刑事訴訟法等の一部を改正する法律により、通信傍受法(注1)も改正され、平成28年12月から、特殊詐欺や組織窃盗、暴力団等の犯罪組織による殺傷事件等の一般国民に重大な脅威を与えている組織犯罪についても通信傍受が活用できることとなっている(注2)

また、従来は、通信傍受を行う際、通信事業者職員等による立会いが義務付けられていたことに加え、通信事業者の施設において傍受を行うこととされていたため、多数の捜査員を相当期間派遣する必要があるなど、通信事業者、捜査機関双方に大きな負担が生じていたところ、令和元年6月1日からは、通信内容の暗号化等の技術的措置を講じることで通信傍受の適正性を担保しつつ、通信事業者による立会い・封印を不要とし、また、警察の施設での通信傍受を可能とする手続を新たに導入するなど、手続の合理化・効率化が図られている。

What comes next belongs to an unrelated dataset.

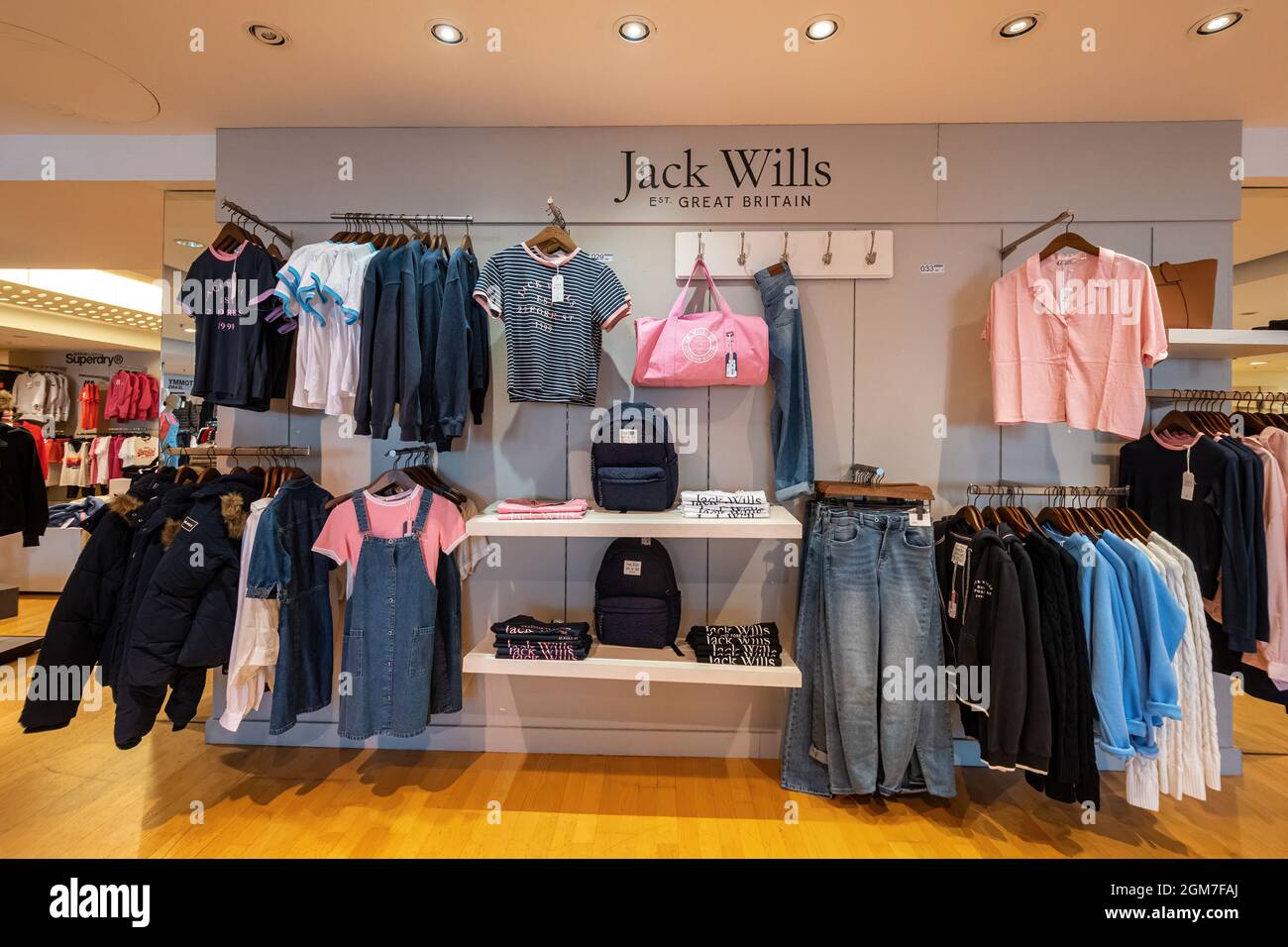 Innenansicht des Kaufhauses House of Fraser in Guildford, Surrey, England, Großbritannien. Jack Wills Department mit Kleidung auf dem Display. Stockfoto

通信傍受は、他の捜査手法のみでは困難な組織的犯罪の全容解明や真に摘発すべき犯罪組織中枢の検挙に有用な捜査手法となり得ることから、警察では、引き続き通信傍受法の定める厳格な要件・手続に従いつつ、通信傍受の有効かつ適正な実施に努めていくこととしている。

注1:犯罪捜査のための通信傍受に関する法律

注2:新たに対象犯罪に追加されたのは、殺人、傷害、逮捕・監禁、略取誘拐、人身売買、窃盗、強盗、詐欺、恐喝、爆発物の使用、児童ポルノ等の不特定多数者への提供等。また、追加された犯罪で通信傍受を実施するためには、従来の実施要件に加え、一定の組織性(当該犯罪があらかじめ定められた役割の分担に従って行動する人の結合体により行われたと疑うに足りる状況があること)を有することを要する。

 
図表2-76 通信傍受法改正後における通信傍受の概要
図表2-76 通信傍受法改正後における通信傍受の概要

(3)その他

上記のほか、刑事訴訟法等の一部を改正する法律により、証拠の一覧表の交付手続の導入等を内容とする証拠開示制度の拡充、証拠収集等への協力及び訴追に関する合意制度、被疑者国選弁護制度の対象事件の拡大等を内容とする弁護人による援助の充実、ビデオリンク方式による証人尋問の拡充等を内容とする犯罪被害者等及び証人を保護するための措置等の新たな制度が導入されている。